We need a new home with good bones,
he said. That first winter, he scanned
every surface with a laser.
Now a surgeon with a keyboard

and mouse, he dissects the model.
We have got a home with good bones,
and I see them as he slices
one way, hallways musculature

and stairs, arteries. Two more
clicks reveal organs: couch, chair, bed.
Our hundred-year-home with good bones
looks like a doll’s house with its front

sheared-off, but its dolls aren’t home, no
pixelated ghosts either, just
sheer pools of color: toy, blanket.
We’re lungs in a home with good bones,

and outside the umbrella spines
of old trees hover as we breathe.

 

 

 

 

 

Urban Planning, by Brian Rex

Urban Planning

The project of Lead, South Dakota is to negotiate between the Homestake Mine and the town’s fabric—or, to be cliché, the space between the two. We should build in and over and under the Open Cut. It will just subside in entropy unless it is made urban.
   – Brian T. Rex

 
I found you raw, cratered knee mapped
 with scar tissue     of the railroad track variety.
   You’d finished     with the one whose words
   ‘I don’t love you     anymore’ cleft you,
  and you’d left the     one who mined the neglect.
The topographical change       of Lead— twelve-hundred fifty feet—
  breaks across a valley                                and the Open Cut; the pit
 won’t fill with water                                     as once imagined.
   What vision one                                            needs to design in spaces
 between, to bring                                              the open cut astronauts
 can spot from space                                          into conversation with
   the sloped streets                                              and picket fences of that
       mining village.                                               Your model features ghosted
           structures that                                            collapsed into Lead’s maw.
                  Her words,                                        the next one’s guile, and my hand
            on your thigh exist                              simultaneously. My project
                  builds in and over                        and under. No one had ever kissed
                   the skin the oncologist stitched so close to the bone.
                       We work because we question in love. Fingers against cheek,
                                                         it leads where it leads; we make it urban.

 

 

 

Brian Rex is associate professor and founding head of the Department of Architecture at South Dakota State University. His scholarly interest is in “-Grounds”.  His various projects and studies form a constellation of civic work that presumes architecture must work in relationship to the land. See more of his work at briantrex.org.

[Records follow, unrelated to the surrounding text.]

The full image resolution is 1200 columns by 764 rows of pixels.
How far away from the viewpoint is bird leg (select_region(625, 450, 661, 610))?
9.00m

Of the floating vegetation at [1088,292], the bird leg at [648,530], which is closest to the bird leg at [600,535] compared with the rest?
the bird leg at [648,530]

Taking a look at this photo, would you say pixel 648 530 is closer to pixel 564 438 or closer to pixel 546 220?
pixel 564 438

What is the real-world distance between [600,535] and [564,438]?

Christine StewartSouth Dakota’s poet laureate, Christine Stewart-Nuñez is the author of several books of poetry, including Untrussed (University of New Mexico Press 2016) and Bluewords Greening (Terrapin Books 2016), winner of the 2018 Whirling Prize. A professor of English at South Dakota State University, she released the poetry anthology South Dakota in Poems in October 2020 and looks forward to The Poet & The Architect (Terrapin Books 2021). Find her work at christinestewartnunez.com.

Header image by Brian Rex.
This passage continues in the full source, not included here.